Aerami Therapeutics, formerly Dance Biopharm, announced this week it is rebranding and expanding its pipeline to include several inhaled endocrine therapies, according to a company press release.
The new name comes as the company pursues strategic partners for its lead asset, Dance 501 inhaled human insulin, to progress to pivotal registration studies, according to the release. The rebranding is designed to better reflect the company’s broadened focus beyond diabetes with additional chronic conditions that could potentially achieve better treatment efficiency from Aerami’s “smart inhaler.” In the release, Aerami said it plans to advance new pipeline programs in hypoparathyroidism and human growth hormone (HGH) deficiency, in addition to its existing inhalable GLP-1 receptor agonist candidate for the treatment of type 2 diabetes.
“The new brand reflects our commitment to provide patients living with chronic diseases, a patient-friendly alternative to routine injections, with our gentle mist inhaler,” Anne Whitaker, CEO of Aerami Therapeutics, said in the release. “Our initial focus going forward is on rare and severe diseases in the endocrinology, respiratory and cardiovascular space. We have launched new pipeline programs in hypoparathyroidism and human growth hormone deficiency, which could benefit from the frequent pulsatile administration of inhaled parathyroid hormone and HGH, respectively, afforded by our smart inhaler.”
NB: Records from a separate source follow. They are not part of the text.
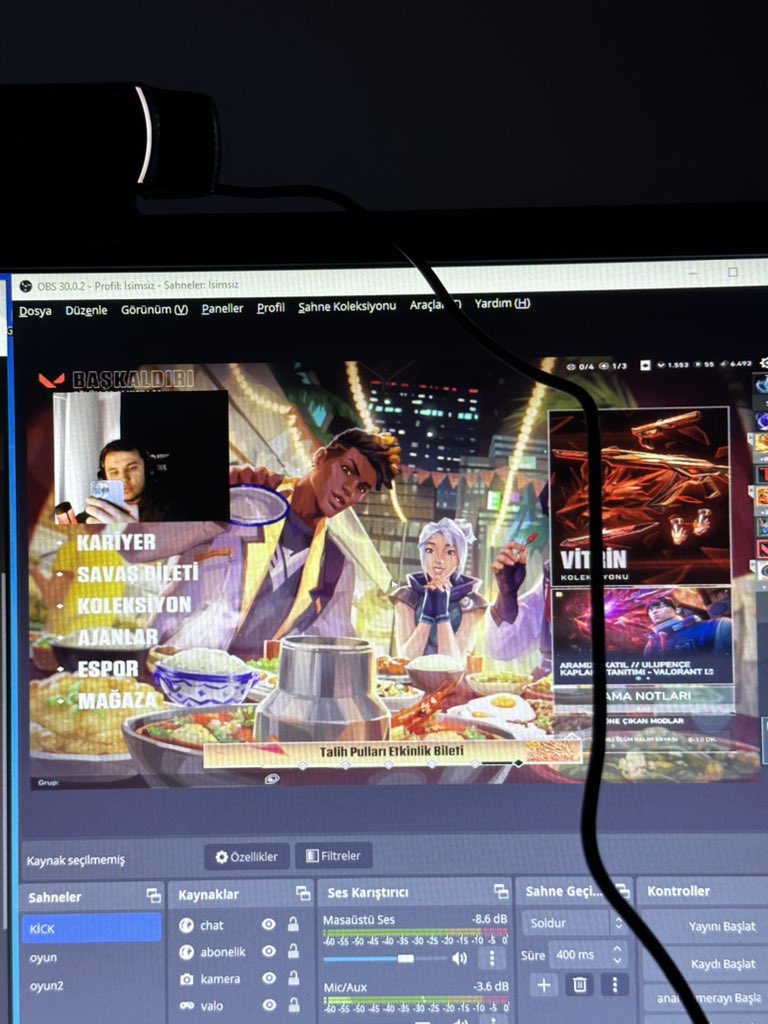 kick.com/pukza chill Valo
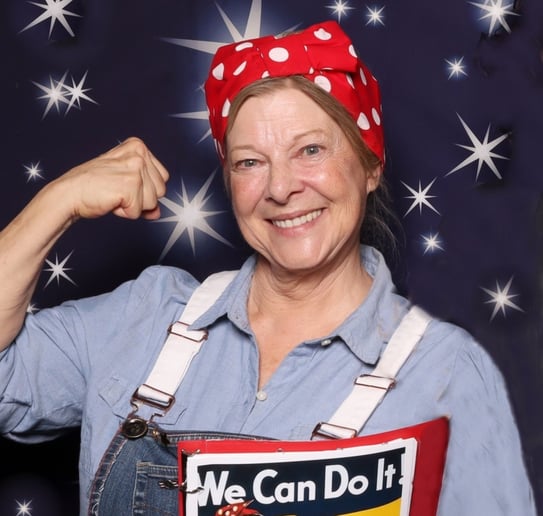 Gallery photo 3 of Famous American Women - History Alive!
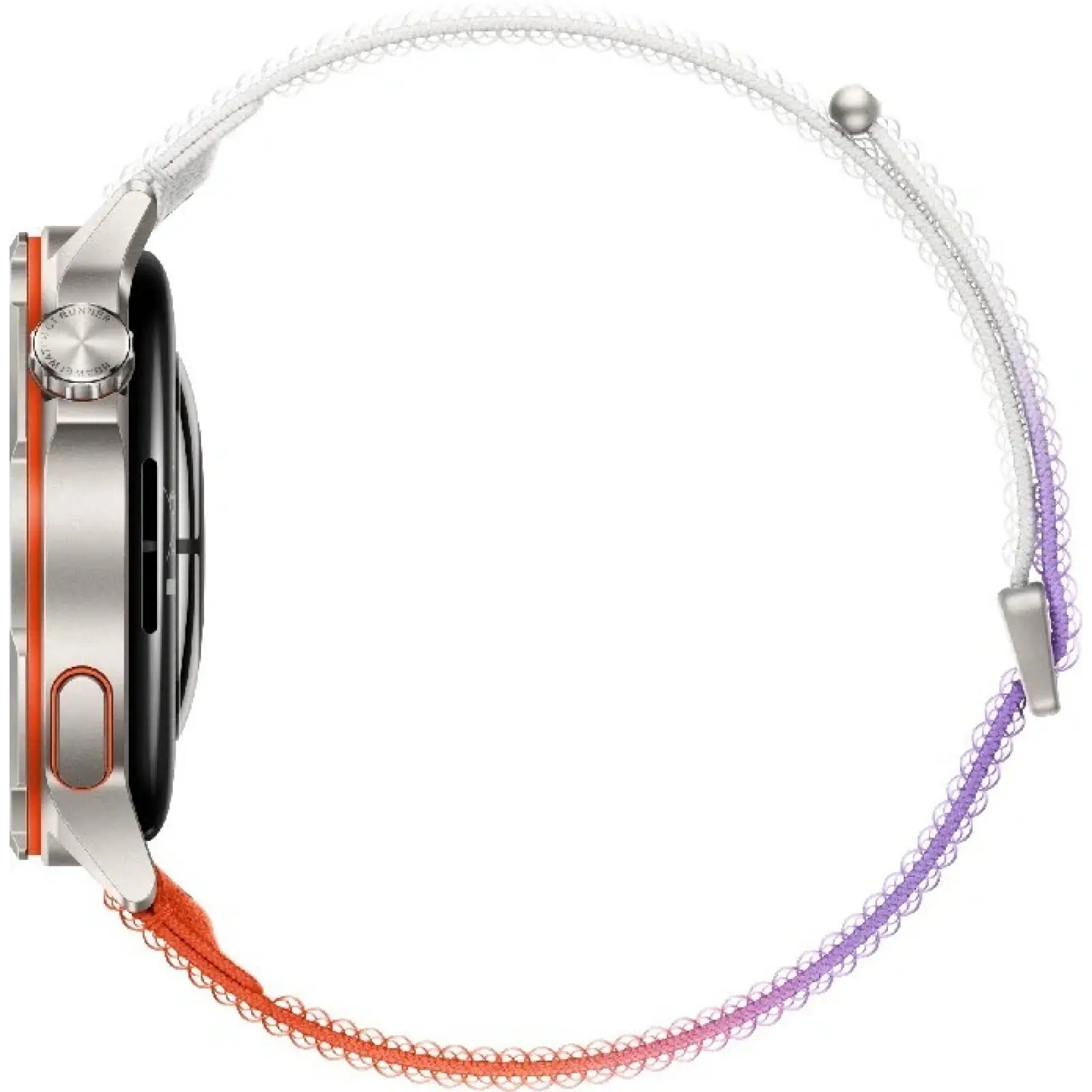 Смарт-годинник Huawei Watch GT Runner 2 Dawn Orange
The announcement follows the success of other inhaled diabetes therapies. In July, the FDA approved the first nasal glucagon powder for the emergency treatment of severe hypoglycemia in children and adults with diabetes. Nasal glucagon (Baqsimi, Eli Lilly) delivers glucagon as a dry powder spray in a portable, single-use, ready-to-use device. The first inhaled insulin powder was approved in 2006, and an inhaled, ultra-rapid-acting mealtime insulin for people with type 1 or type 2 diabetes was approved in 2014 (Afrezza, MannKind). In 2017, MannKind Coroporation and One Drop announced the launch of a collaborative study of inhaled insulin and an integrated diabetes management platform.
Whitaker said the company’s programs could enter clinical development in 2020, subject to additional funding. – by Regina Schaffer
Disclosure: Whitaker is CEO of Aerami Therapeutics.